The apps and games on this list vary on what they’re trying to accomplish, and they aren’t in any particular order of best to worst, they’re all just apps I think are worth talking about. Not all of these will need VR to work, but each app and game will look and play the best with virtual reality devices.
VR Fantasy – by Chibig
The first game I want to talk about has a pretty generic name, standard premise, but excellent execution, and a great visual style that leaves a lasting impression.
VR Fantasy is all about delving deep into a dangerous dungeon, finding weapons to make your perilous journey easier, and honing your skills to finally defeat the a terrible dragon waiting for you at the end of your quest.
If you’re any good at slinging spells and swinging blades, then your quest will probably be a short one, but VR Fantasy is worth a few minutes of your time if you like fantasy settings, and dungeon crawling.
Beasts of Legend VR – by Virtual Studios
This next game is a bit of a futuristic spin on the roller coaster type of VR game where you’re seated and look around to experience the ride.
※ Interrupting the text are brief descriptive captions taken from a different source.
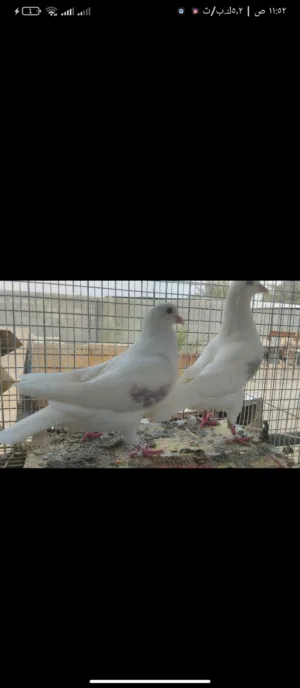 زوج فرنسي لاحم منتج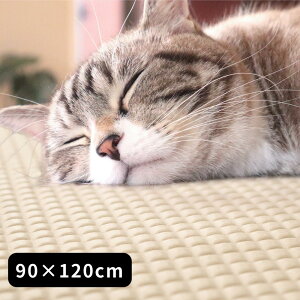 y2Zbgz3size { ybg  h}bg 45×60cm 60×90cm 90×120cm | ybgp }bg ԊO ۉ ybg}bg h dsv p Lp zbg}bg ΍ h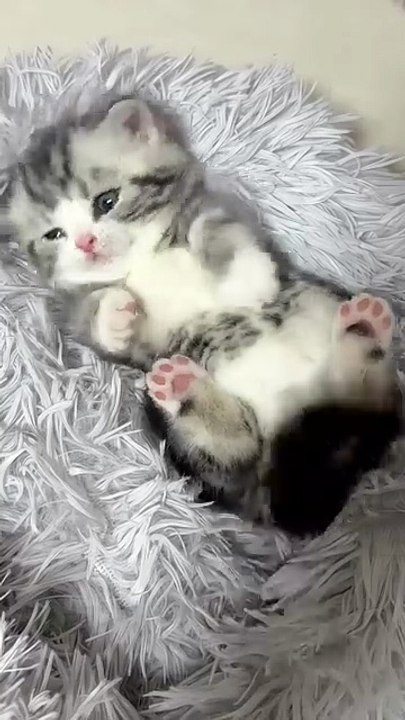 Tierno gatito 😺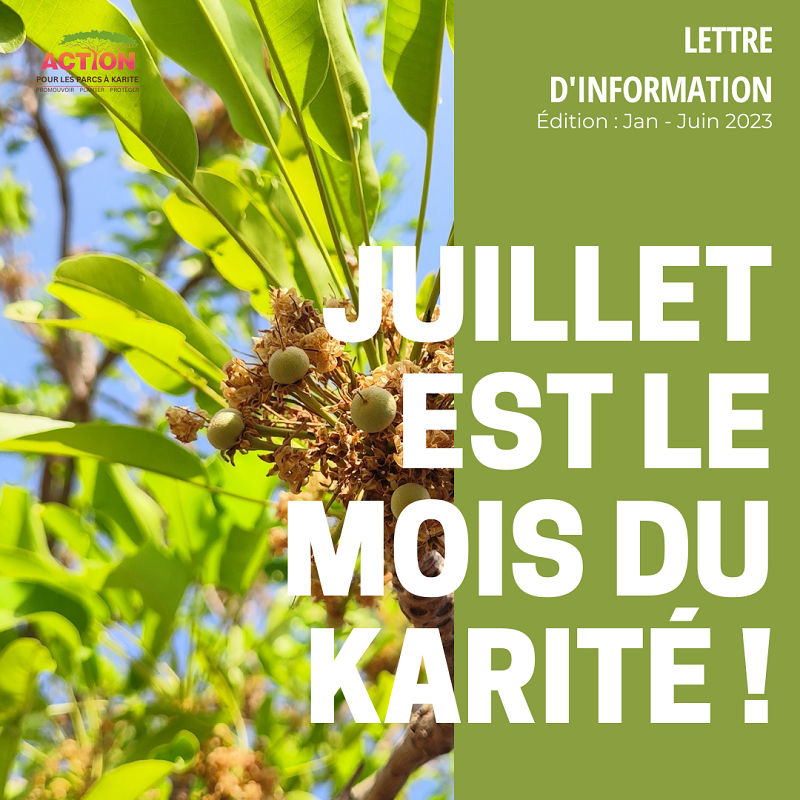 JUILLET EST LE MOIS DU KARITÉ !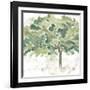 Country Tree IV-June Vess-Framed Art Print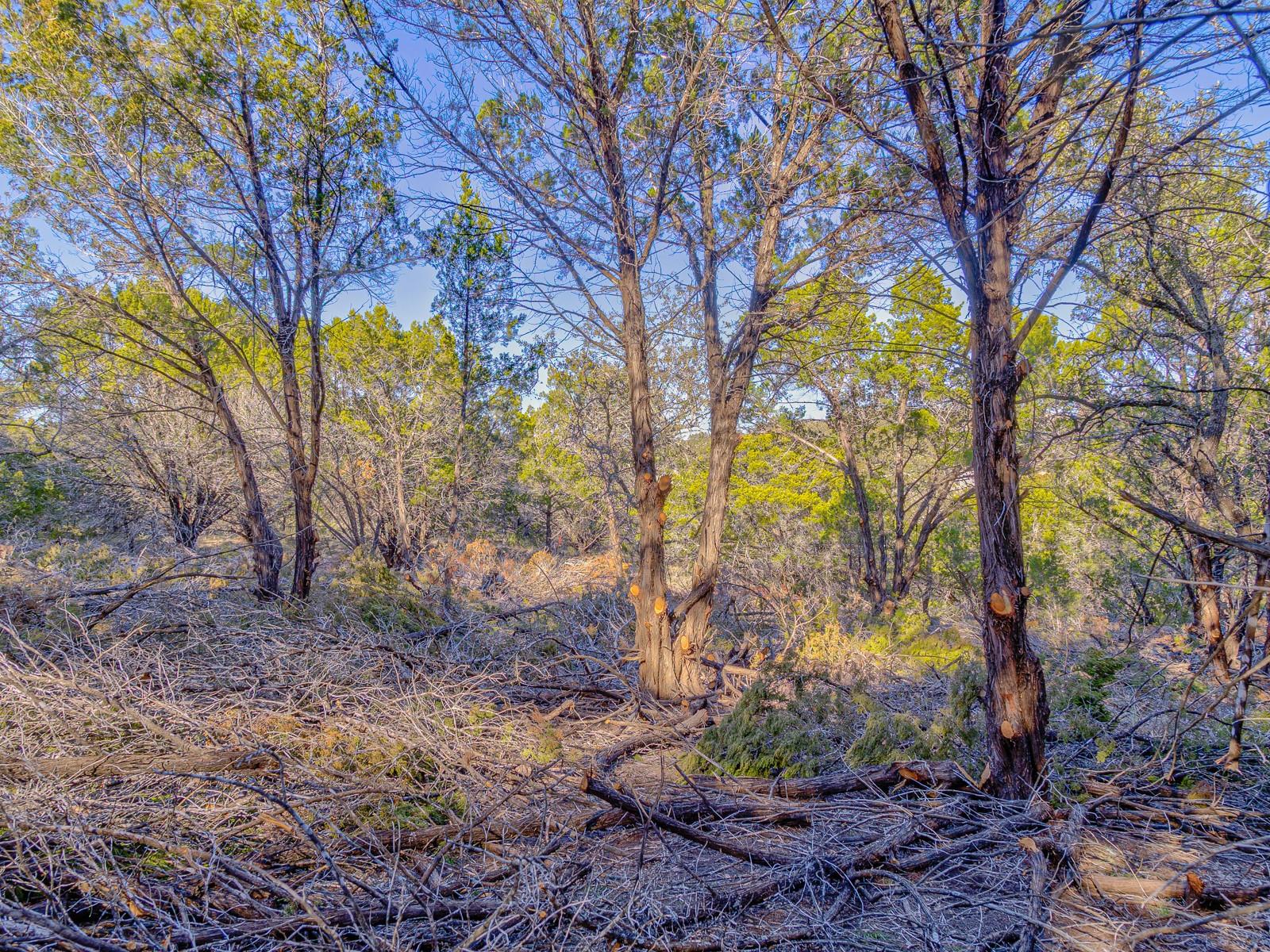 5103 Moss Pt, Lago Vista, TX 78645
Beasts of Legends VR is separated into different episodes where you get taken on a ride through futuristic cities and locales to fight, you guessed it, legendary beasts.
Each episode length varies, with most coming in around 7-10 minutes. So pop on your headset, take a seat, and get propelled through a futuristic world to stop legendary beasts from destroying everything around them.
There isn’t much of a reason to go back to Beasts of Legend once you’ve seen everything, but it’s at least worth a quick look for the experience.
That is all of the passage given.